Benjamin : Quelle est l’utilité de faire des sondages sur la présidentielle plus de deux ans avant la date d’élection ? Cela ne ferme-t-il pas automatiquement la liste des candidats en surexposant les éternels mêmes candidats sur lesquels portent les sondages ?
Vous avez parfaitement raison ! Sonder sur une présidentielle deux ans avant n’a pas beaucoup d’autre intérêt que d’entretenir à l’avance un faux suspense. En revanche, une campagne présidentielle commence à se dessiner dans l’année qui précède, comme on le voit actuellement avec la primaire de la droite qui s’est engagée depuis plusieurs mois.
Les sondages sont d’autant plus intéressants que l’on s’approche du scrutin et en particulier pendant la campagne elle-même qui est le moment où se cristallisent les intentions des électeurs. Pour une présidentielle, cela porte sur les trois mois qui précèdent le premier tour quand l’offre politique se précise, quand les candidats se déclarent, quand les projets sont exposés et quand le débat s’engage. Pendant la pré-campagne, c’est-à-dire en ce moment, les intentions de vote présidentielles indiquent essentiellement un rapport de force général entre les principaux candidats et partis.

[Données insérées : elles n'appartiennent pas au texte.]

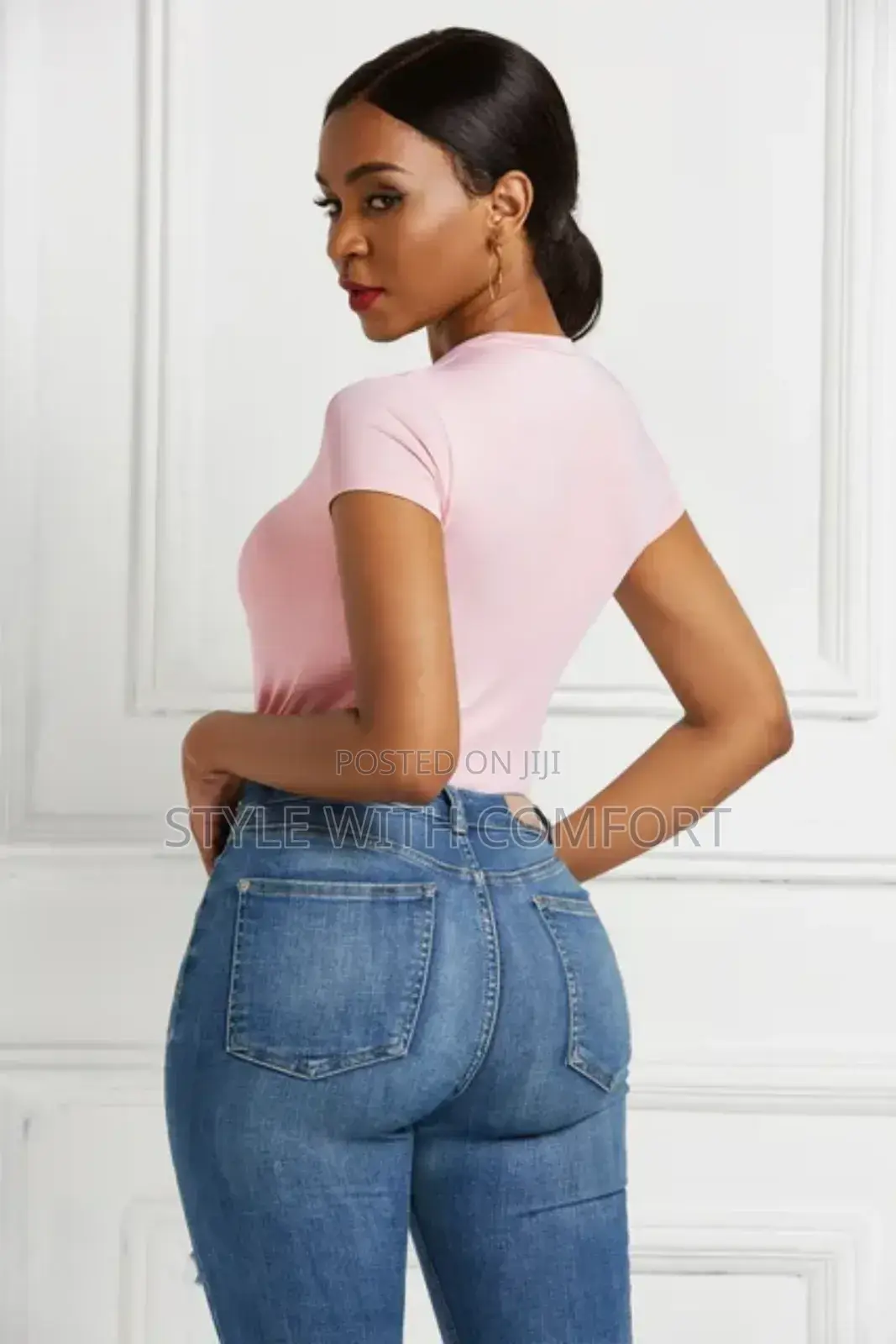 Stretchy Short Sleeve Ladies Bodysuit .Size: Uk8-16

JBai : Les sondages d’opinion, commandés puis utilisés par les mêmes médias, ne cherchent-ils pas à influencer les intentions de vote des électeurs ? Je fais référence au candidat Macron qui bénéficie d’une couverture médiatique élogieuse, quand d’autres candidats comme Mélenchon, par exemple, sont délégitimés médiatiquement…

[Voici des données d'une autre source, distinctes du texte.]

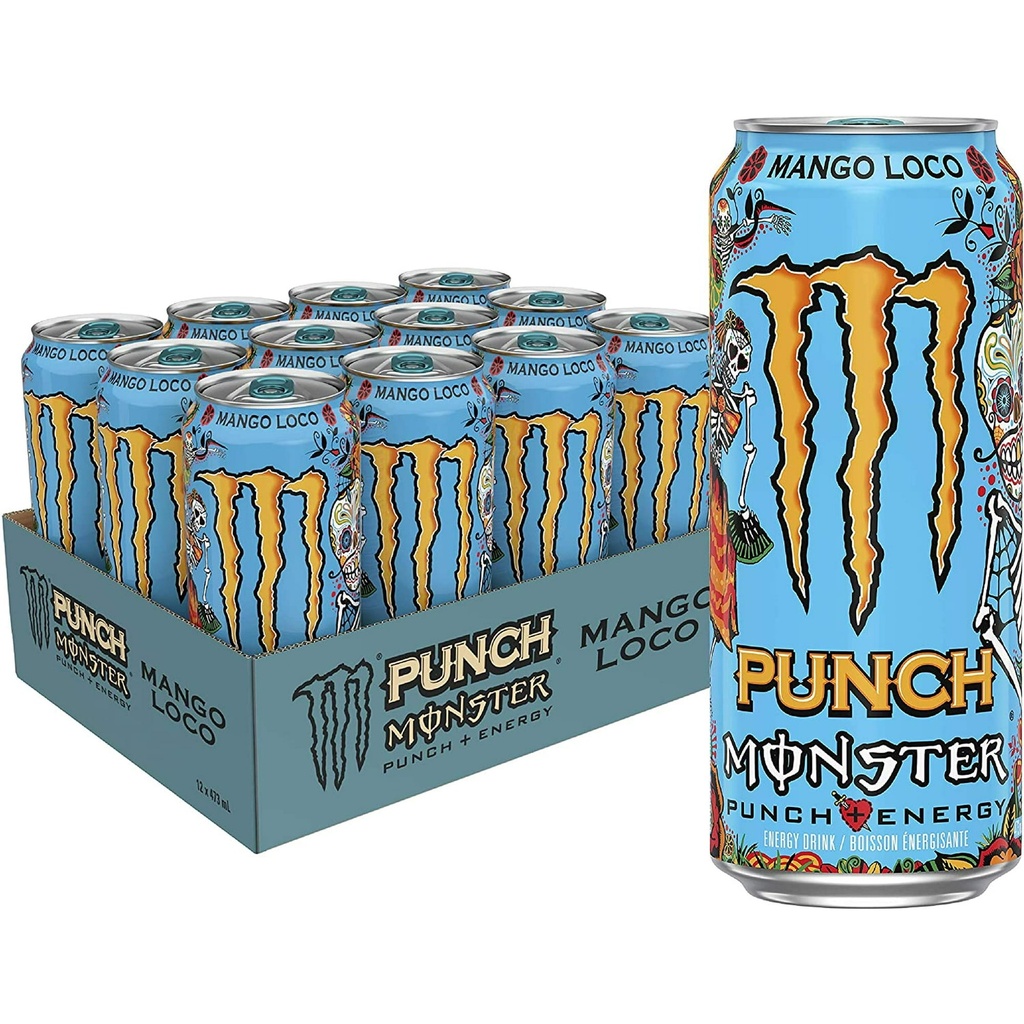 MONSTER MANGO LOCO 473ML/ 12CT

Pour ce qui est de Macron et Mélenchon, ils sont traités en matière de sondage exactement de la même manière. Depuis six mois, dans notre enquête avec le Cevipof, nous observons et nous pointons la progression régulière du vote en faveur de Jean-Luc Mélenchon, qui est passé de 9 % à 14 % d’intentions de vote et qui devance désormais François Hollande si celui-ci se présente. Quant à Macron, dès lors qu’il a esquissé et maintenant annoncé sa candidature, il est normal que nous soumettions son nom aux personnes interrogées. Qu’il bénéficie actuellement d’un effet de curiosité et de nouveauté est indéniable. Cela ne préjuge en rien de la suite des événements.
Quant à l’hypothèse que nous cherchions à influencer le vote des électeurs, elle est, pardonnez-moi, absurde. Ou alors en tant que média, il faudrait renoncer à tout commentaire sur une élection car cela aussi est de nature à influencer nos lecteurs et les électeurs. Les sondages comme le travail des médias font partie des outils que les citoyens peuvent utiliser à leur guise !
Clément : Pourquoi les journalistes et les politiques se concentrent autant sur les chiffres de chaque sondage ? Ces quinze dernières années, il a été prouvé que c’est la tendance des dernières semaines et des derniers jours qui pouvait aider à prévoir le résultat final ?
Il est essentiel de ne jamais oublier que c’est la campagne qui fait l’élection. Et toute campagne, presque sans exception, comporte son lot de surprises. Il est en outre exact que les électeurs se décident de plus en plus tard (désormais dans les derniers jours pour un quart d’entre eux).
Ils sont également de plus en plus zappeurs, soit au sein d’une même famille politique, soit en sautant les frontières. Du coup, les électeurs sont de plus en plus sensibles au film de la campagne, à ses rebondissements et à sa dramaturgie.